The question considers padding memorable text like "cipherkey" into an AES key by appending zero bytes to the (UTF-8) expression of this text as bytes, until reaching 16, 24, or 32 bytes for AES-128, AES-192, or AES-256.

The main problem with this is that it's fast and inexpensive, which is a disaster in the context: it allows an adversary to quickly and inexpensively apply that process to plausible passwords, and test the resulting keys against a ciphertext (with known or known-redundant plaintext), and thus find the key. This is password cracking, and there's a small industry developing mixes of software and hardware for this.

A dictionary of the most common million English words (for some extended definition of the word) would I think contain "cipherkey". At least, a Google search found 78,400 occurrences, and it's in the list of the registered domains in three common TLDs. With a known plaintext/ciphertext pair or a ciphertext for a plaintext with some structure, this is going to take few second(s) to break for someone with the right tools.

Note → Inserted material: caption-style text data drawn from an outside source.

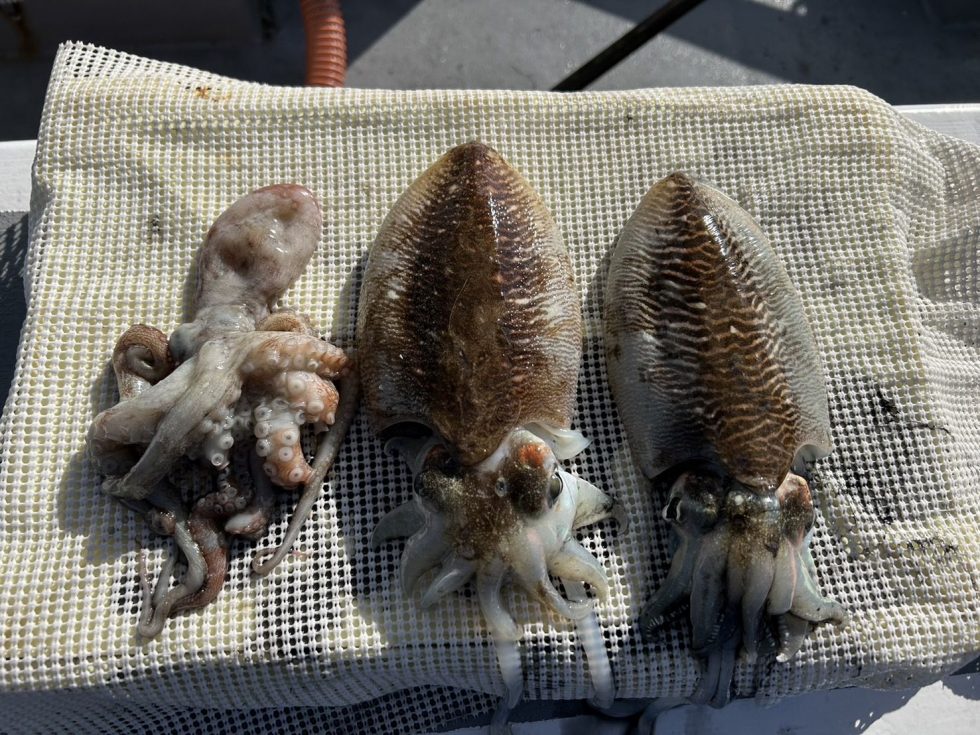 明日も人数集まればコウイカ釣り、泳がせ釣り出船です！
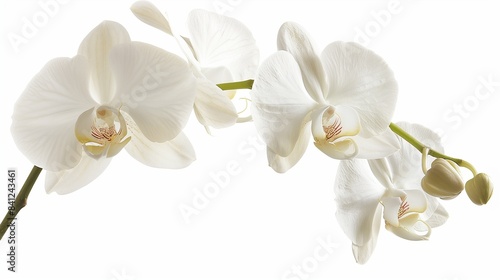 A graceful orchid with its elegant petals and slender stem  set against a white background  embodying luxury and sophistication. 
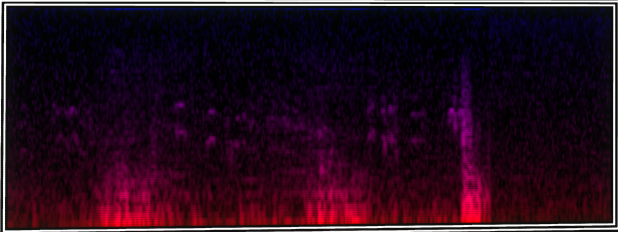 VOTV Archive Image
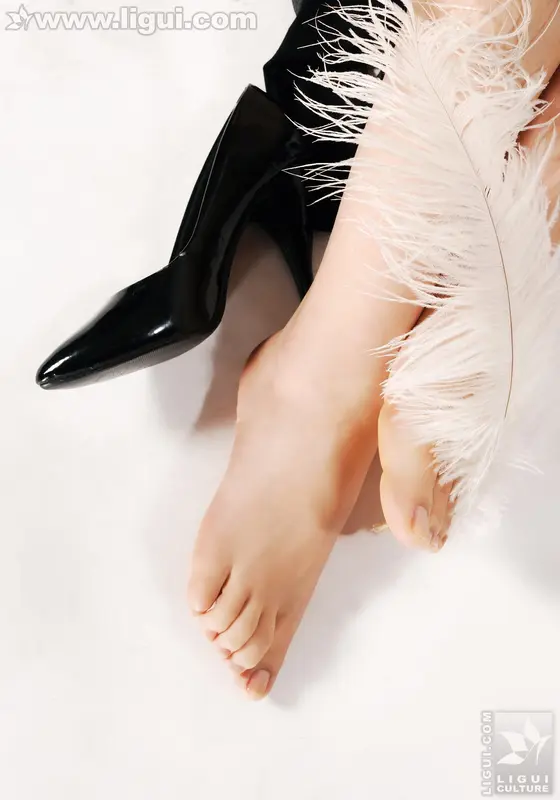 2009.04.27 职场女性曼妙扯动黑丝 Model 小露露 - Ligui丽柜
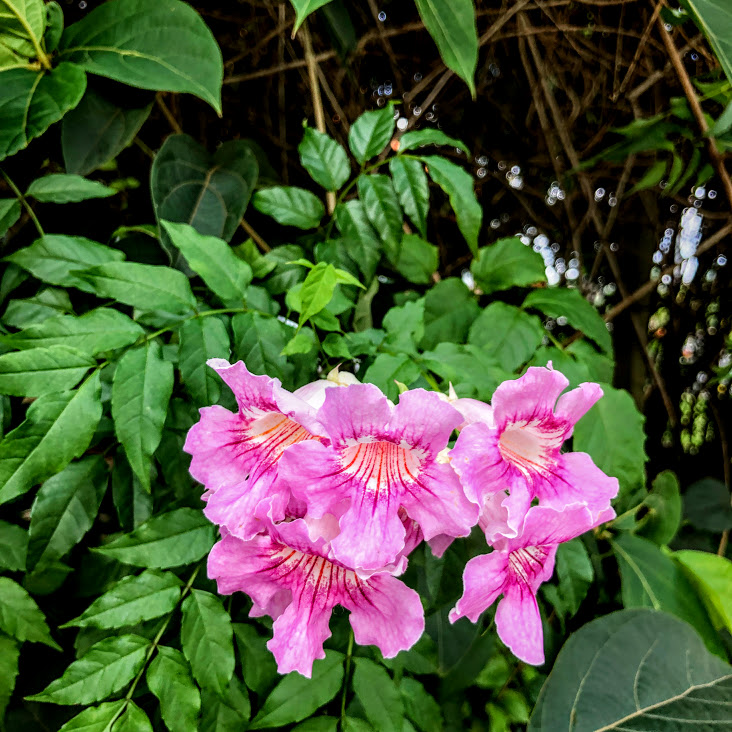 Flores da sete-léguas.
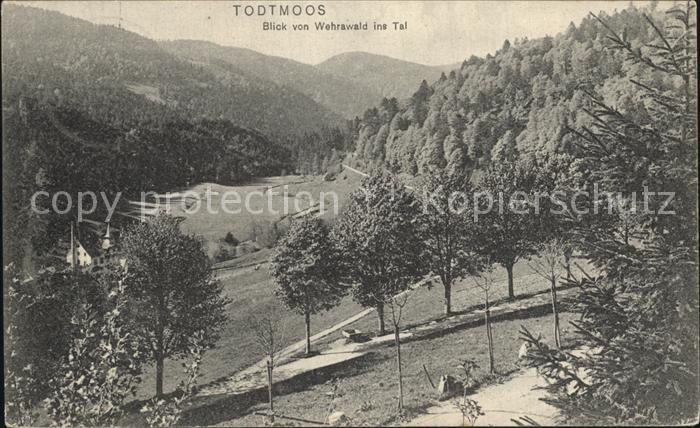 Todtmoos Schwarzwald BW Panorama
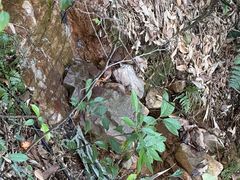 -杭州半山国家森林公园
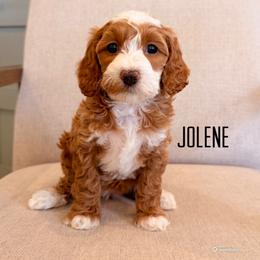 Jolene - Red  female Goldendoodle puppy in Glendale, Arizona from Follow Your Bliss Doodles
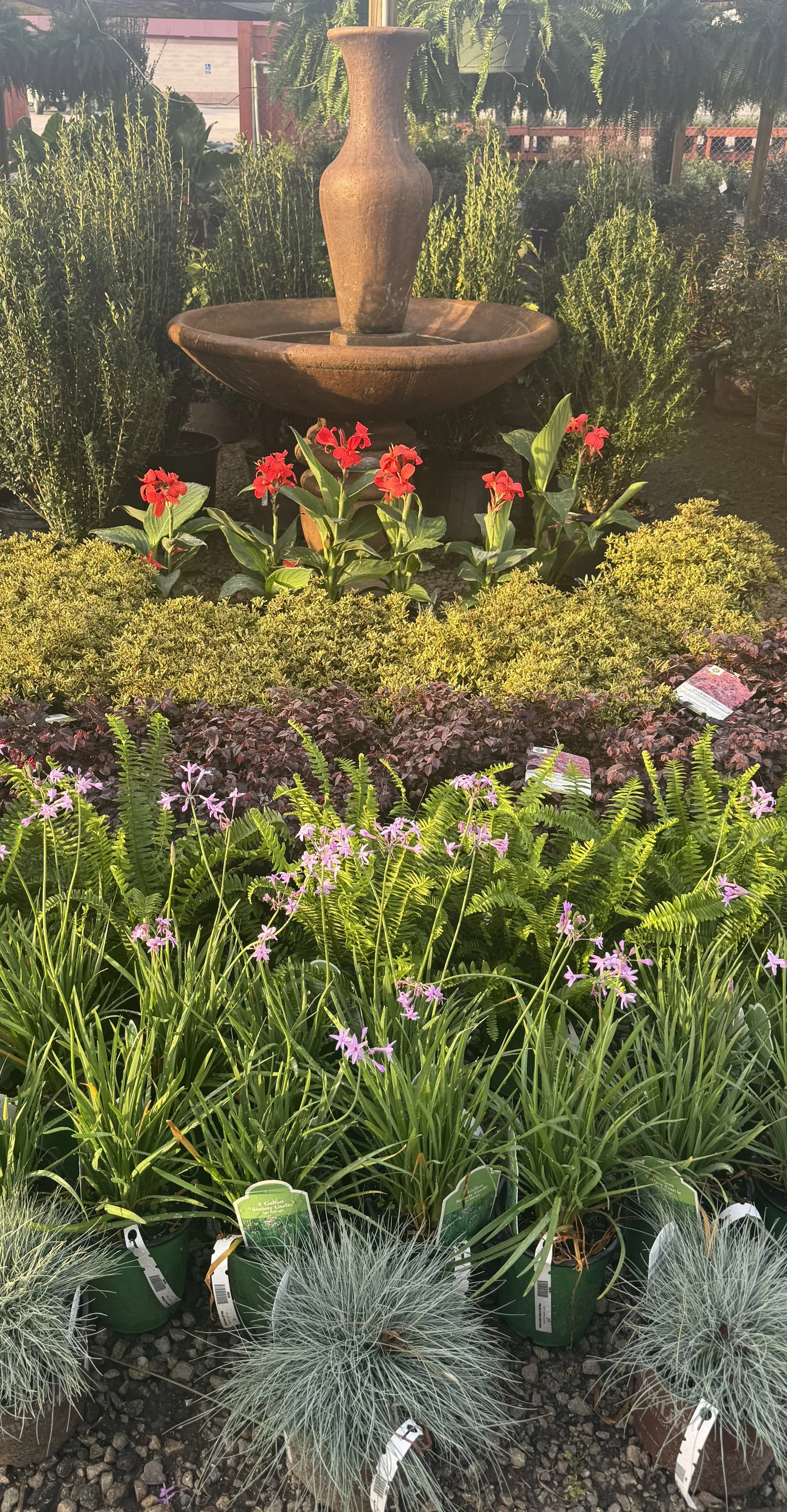 Colorful garden scene with a bird bath surrounded by yellow, purple, orange, and pink flowers. Several small birds are perched around the bird bath and on its base. Green foliage and trees are in the background.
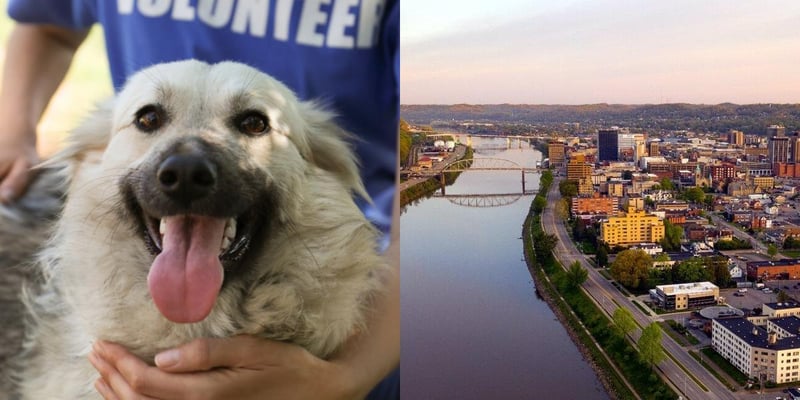 htba_Animal Welfare Administrator_in_West Virginia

Even though that can be tremendously improved (see next paragraph), "cipherkey" is not a good password. It's advisable to choose a password that's harder to guess. Merely naming that passphrase will help! But that's a secondary problem.

When turning anything memorable (password, passphrase..) into a key, one must use a key derivation function intended for passwords, that is one with a workfactor parameter allowing to tune the cost of the key derivation. If that cost is 0.5 seconds of a powerful computer's time, rather than 20 nanoseconds for the proposed method, that will become the bottleneck for password cracking, and likely give them at least a sweat. With a passphrase à la XKCD or Diceware, it can be quite secure.

One should use salt, which will prevent computing derived keys in advance, and prevent amortizing the cost of such derivations for several password/key pairs. That's another secondary problem.

It's important that the key derivation function is memory-hard, that is makes use of a sizable amount of memory throughout its computation, for that greatly increases the monetary cost of attack, at little cost to legitimate users. Recommendable functions include Argon2 and scrypt. Common but not recommendable functions include PBKDF2, which is not memory-hard, and among the worse possible use of CPU time for the purpose of password-to-key derivation: it maximizes the edge of attackers using ASICs, FPGAs, and even GPUs w.r.t. legitimate users using CPUs. I find NIST's recommendation for PBKDF2 consistent with their former push for Dual_EC_DRBG:

While PBKDF2 is time-hard but not memory-hard, it is so widely deployed that it is not practical (at this time, anyway) to introduce a requirement for a memory-hard key derivation function.

0 + 0

Maarten Bodewes

3/3/23, 10:18 AM

Note that AES itself is not affected, it's the low entropy key / password that's the issue. If the password has too little entropy then a password based key derivation function won't save you either; it only adds a constant amount of security, e.g. ~20 bits for a million iterations of PBKDF2.

kelalaka

3/3/23, 6:16 PM

You should advise; Whatever the password hashing mechanism, one needs a good password beforehand. this must be the first piece of advice. dicewire or Bip39, etc.

fgrieu

3/3/23, 7:02 PM

@kelalaka: I agree that a better password is needed, and added that advice. However I don't see the poor password choice as the as the _main_ problem. I think it's rather harder to crack a medium-hard password like "cipherkey" is (or was before that question) with 0.1s of memory-hard KDF, especially salted, than it is to crack most memorable passwords with essentially no KDF and direct use as the AES key.

kelalaka

3/3/23, 7:09 PM

Well, it is still parallelizable in CPUs, and I would go first [~600K pwned password list](https://haveibeenpwned.com/Passwords), though the list is given with SHA-1 to test. One may find unhashed in some deep web.

kelalaka

3/3/23, 7:29 PM

Also, I've always advised using a password manager, like password1, keepass, etc. With these the users only need to use a good password to secure the vault, they can generate a good random key for the other passwords. Firefox, Opera has these and this is becoming more standard.